|Schematic drawing of a simple mercury barometer with vertical mercury column and reservoir at base|
A barometer is an instrument used to measure atmospheric pressure.
This concept of "decreasing pressure means bad weather" is the basis for a primitive weather prediction device called a weather glass or thunder glass. It consists of a glass container with a spout. The container is filled with water up to about the middle of the spout; some air is left in the main body of the container. The design is such that when the air pressure decreases, the pressure of the air pocket inside the device will push some of the water up the spout. If the air pressure is low enough, some of the water may even drip out of the spout. These devices are essentially a water-based version of the mercury barometer. The "Thunder Glass" is extremely susceptible to the ambient temperature which will alter the height of the water column in the spout.
A standard mercury barometer has a glass column of about 30 inches (about 76 cm) in height, closed at one end, with an open mercury-filled reservoir at the base. Mercury in the tube adjusts until the weight of the mercury column balances the atmospheric force exerted on the reservoir. High atmospheric pressure places more downward force on the reservoir, forcing mercury higher in the column. Low pressure allows the mercury to drop to a lower level in the column by lowering the downward force placed on the reservoir.
The first barometer of this type was devised by Evangelista Torricelli, a student of Galileo Galilei, in 1643. Torricelli had set out to create a perfect vacuum, and an instrument to measure air pressure. He succeeded in creating a vacuum in the top of a tube of mercury. Torricelli also noticed that the level of the fluid in the tube changed slightly each day and concluded that this was due to the changing pressure in the atmosphere. He wrote: "We live submerged at the bottom of an ocean of elementary air, which is known by incontestable experiments to have weight".

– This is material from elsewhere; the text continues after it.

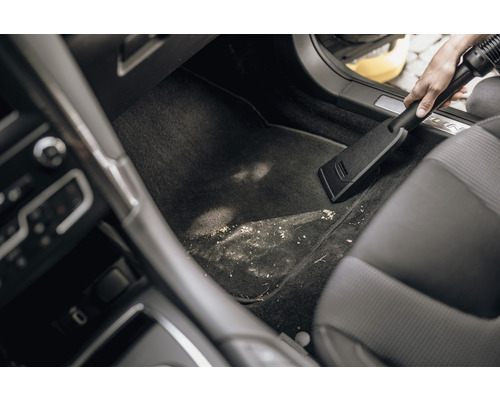 Une personne aspire l''espace pour les pieds sale d''une voiture avec un aspirateur.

The mercury barometer's design gives rise to the expression of atmospheric pressure in inches: the pressure is quoted as the level of the mercury's height in the vertical colum. 1 atmosphere is equivalent to about 29.9 inches of mercury. The use of this unit is still popular in the United States, although it has been disused in favor of SI or metric units in other parts of the world. Barometers of this type can usually measure atmospheric pressures in the range between 28 and 31 inches of mercury.
Another type of barometer, the aneroid barometer, uses a small, flexible metal box called an aneroid cell. The box is tightly sealed after some of the air is removed, so that small changes in external air pressure cause the cell to expand or contract. This expansion and contraction drives a series of mechanical levers and other devices which are displayed on the face of the aneroid barometer.
A barometer is commonly used for weather prediction, as high air pressure in a region indicates fair weather while low pressure indicates that storms more likely. Localized high atmospheric pressure acts as a barrier to approaching weather systems, diverting their course. Low atmospheric pressure, on the other hand, represents the path of least resistance for a weather system, making it more likely that low pressure will be associated with increased storm activity.
The density of mercury will change with temperature, so a reading must be adjusted for the temperature of the instrument. For this purpose a mercury thermometer is usually mounted on the instrument. No such compensation is required for an aneroid barometer.
As the air pressure will be reduced at altitudes above sea level (and increased below sea level) the actual reading of the instrument will be dependent upon its location. This pressure is then converted to an equivalent sea-level pressure for purposes of reporting and for adjusting aircraft altimeters (as aircraft may fly between regions of varying normalized atmospheric pressure owing to the presense of weather systems). Aneroid barometers have a mechanical adjustment for altitude that allows the equivalent sea level pressure to be read directly and without further adjustment if the instrument is not moved to a different altitude.